He Remembers the Barren is now available on Amazon

The updated and expanded second edition of He Remembers the Barren by Katie Schuermann is now available on Amazon, in both paperback and Kindle eBook formats!

If you’re familiar with the first edition, you may be wonder-ing what’s different about this one. Here’s what you’ll find:

  • revisions all throughout the book, reflecting the author’s growing understanding of barrenness, the theology of the cross, and the ethical issues surrounding infertility medicine
  • new chapters on adoption and making sense of the cross of barrenness
  • a new Q & A Appendix in which Katie Schuermann answers questions frequently asked about miscarriages, “family planning”, secondary infertility, and embryo adoption
  • helpful discussion questions for each chapter, designed for either individual or group study
  • new cover artwork by Edward Riojas, including the opportunity to purchase a giclée print. Read all about the symbolism here.
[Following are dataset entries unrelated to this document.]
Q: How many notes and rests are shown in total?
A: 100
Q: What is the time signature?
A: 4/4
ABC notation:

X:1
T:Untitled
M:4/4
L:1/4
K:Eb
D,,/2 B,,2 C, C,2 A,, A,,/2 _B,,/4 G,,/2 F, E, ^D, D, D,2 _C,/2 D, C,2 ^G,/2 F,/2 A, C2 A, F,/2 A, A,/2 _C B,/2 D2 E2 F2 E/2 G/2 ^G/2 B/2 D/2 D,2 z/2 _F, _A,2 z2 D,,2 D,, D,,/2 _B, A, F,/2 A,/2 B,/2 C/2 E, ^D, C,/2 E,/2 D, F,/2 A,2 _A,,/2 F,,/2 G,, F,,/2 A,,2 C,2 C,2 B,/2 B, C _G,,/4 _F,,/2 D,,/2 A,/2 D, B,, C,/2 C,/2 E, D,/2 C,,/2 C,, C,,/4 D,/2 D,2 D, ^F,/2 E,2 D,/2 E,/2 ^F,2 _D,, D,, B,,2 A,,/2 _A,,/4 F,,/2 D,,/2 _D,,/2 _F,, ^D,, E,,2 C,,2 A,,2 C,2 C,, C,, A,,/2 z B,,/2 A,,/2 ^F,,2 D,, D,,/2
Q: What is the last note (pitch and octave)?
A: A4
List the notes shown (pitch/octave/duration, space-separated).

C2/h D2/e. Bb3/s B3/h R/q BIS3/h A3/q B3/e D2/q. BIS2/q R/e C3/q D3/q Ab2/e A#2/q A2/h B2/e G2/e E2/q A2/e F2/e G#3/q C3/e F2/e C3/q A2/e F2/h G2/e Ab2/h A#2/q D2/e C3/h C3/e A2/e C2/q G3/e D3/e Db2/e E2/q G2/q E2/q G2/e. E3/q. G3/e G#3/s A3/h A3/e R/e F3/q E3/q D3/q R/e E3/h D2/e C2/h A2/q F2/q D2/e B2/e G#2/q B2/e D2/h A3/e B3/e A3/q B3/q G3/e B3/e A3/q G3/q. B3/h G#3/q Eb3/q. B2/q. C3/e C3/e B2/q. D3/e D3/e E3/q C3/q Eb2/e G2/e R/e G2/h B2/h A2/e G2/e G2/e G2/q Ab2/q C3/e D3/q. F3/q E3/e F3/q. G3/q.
Be sure to visit our Reviews & Endorsements page for links to reviews and author interviews!

“Every woman knows pain” – A review from Dawn Gaunt

My soul has not been pierced with the sword of barrenness. I cannot and will not pretend to understand that pain. The sword that pierces my own soul goes by a different name. Nonetheless, fruitful or barren, young or old, sensible or ridiculous, every woman knows pain. We’re designed for it, and our personalities grow out of it. In He Remembers the Barren, Mrs. Schuermann calls a blade a blade. How refreshing to find a Christian author who knows a cross when she sees it, and who knows the only responsible thing to do with a cross is to carry it.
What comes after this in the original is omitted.